DATASET CONTENT.
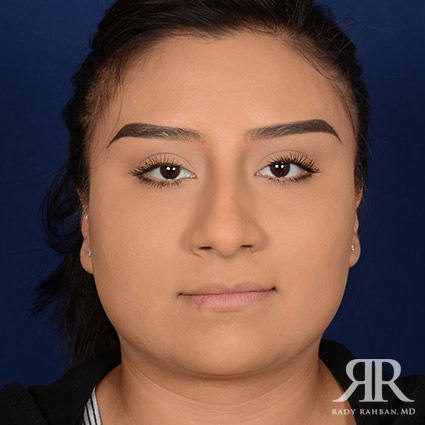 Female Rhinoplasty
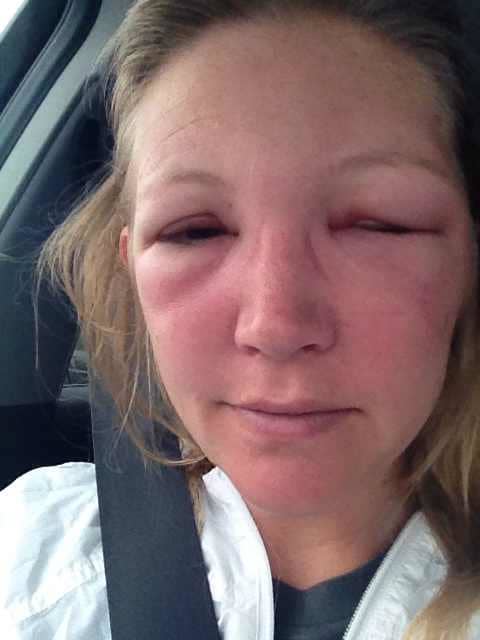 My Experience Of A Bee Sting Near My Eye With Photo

* * *

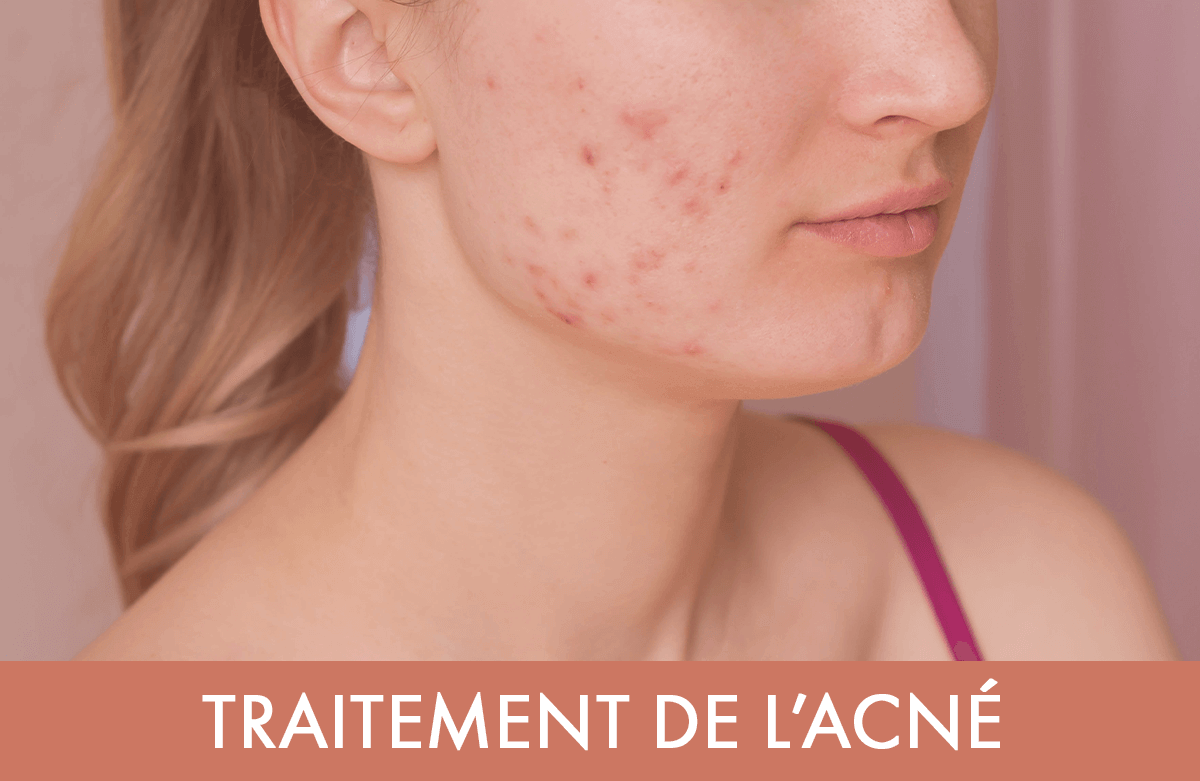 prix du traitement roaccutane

EXERCISE REQUIREMENTS.
Reproduce the lines above beginning at the line that contains "Female Rhinoplasty" and ending at the line that contains "My Experience Of". No pictures.

WRITTEN RESPONSE.
 Female Rhinoplasty
 My Experience Of A Bee Sting Near My Eye With Photo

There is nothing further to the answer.